Slogans are not enough
A view from Sue Unerman

Slogans are not enough

Ian Katz, the editor of Newsnight, wrote recently about an impasse in journalism, suggesting a deal to allow politicians to get their point across in traditional media and be less defensive.

As the general election approaches, I think politicians should focus on their direct channel to the public – social media.

At Twitter's new headquarters, the presenter Rick Edwards and the former spin doctor Alastair Campbell explained how the platform can enthuse people about politics. They agreed that no British party leader is doing Twitter particularly well, and everyone is amateur compared with Obama. We were reminded of the effective use of social media in the 2008 US election campaign (as explained in To Be President). Will the 2015 election be UK politics' year of social media?

Edwards said the Prime Minister's Tweets are just "tell" at the moment and need added interaction with followers. Twitter is for conversations and expressions of humanity – it is not a loud hailer (the same, obviously, is true for a brand's use of social).

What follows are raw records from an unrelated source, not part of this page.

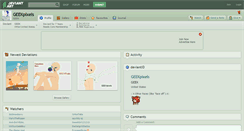 Desktop Screenshot of geekpixels.deviantart.com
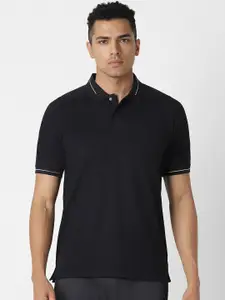 Peter England Polo Collar Short Sleeves T-shirt
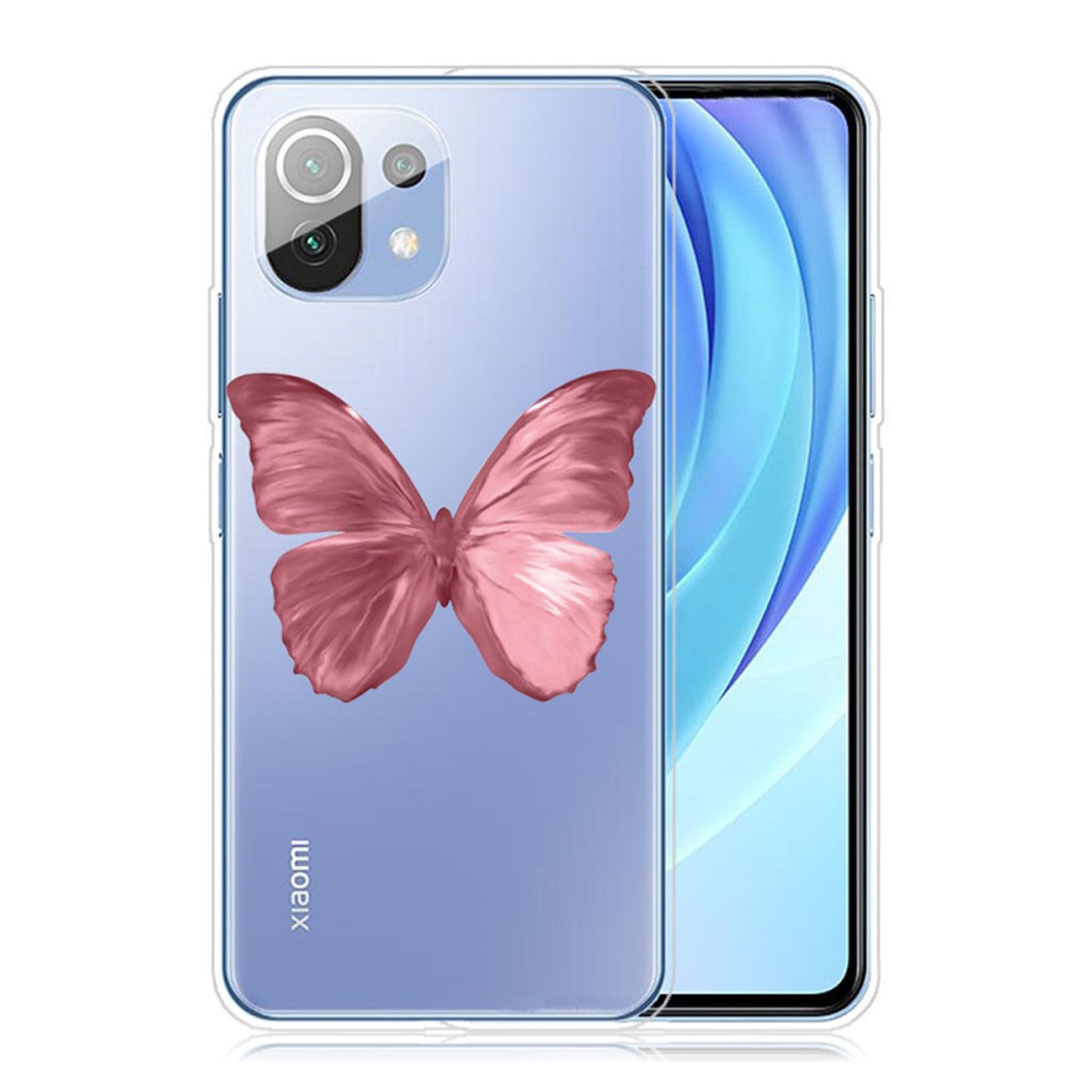 Deco Xiaomi Mi 11 Lite 5G / 11 Lite case - Pink Butterfly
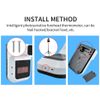 Wall Mounted Bluetooth Forehead Infrared Thermometer °C/°F Temperature Meter US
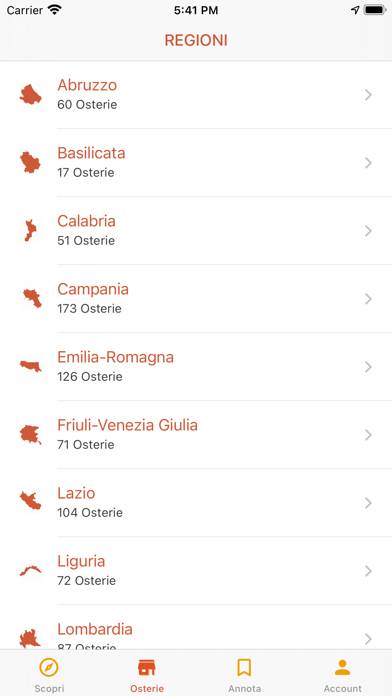 Osterie d'Italia 2021 Schermata dell'app #4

Campbell suggested the key is authenticity (as for all modern marketing – see Tell The Truth) and explained that, during his time at Downing Street, it was still possible to have a command-and-control attitude to the news agenda. Not any more. Politicians need to catch up with the fact that social can be a better gauge of the public’s views than a newspaper columnist.

In 1960, John F Kennedy and Richard Nixon squared off in the first-ever TV debate between presidential candidates. It is widely believed that this changed the course of politics. Kennedy's greater visual appeal won voters over and it was much harder after 1960 to win if you were not at least remotely photogenic.

Could the UK general election change politics again? Instead of how good you look on TV, could how well you come across on social media be the decisive factor?

When I asked them, neither Edwards nor Campbell were entirely convinced that this is the breakthrough year, but social media is changing things fast. In the town of Jun in Spain, the mayor made all public services accountable via Twitter. Meanwhile, social media was crucial in India's 2014 election. The politician Rajeev Chandrasekhar commented: "On social networks, politicians cannot hide from scrutiny and interactivity."

Exactly. One hundred and forty characters. It tells you a good deal about someone's character.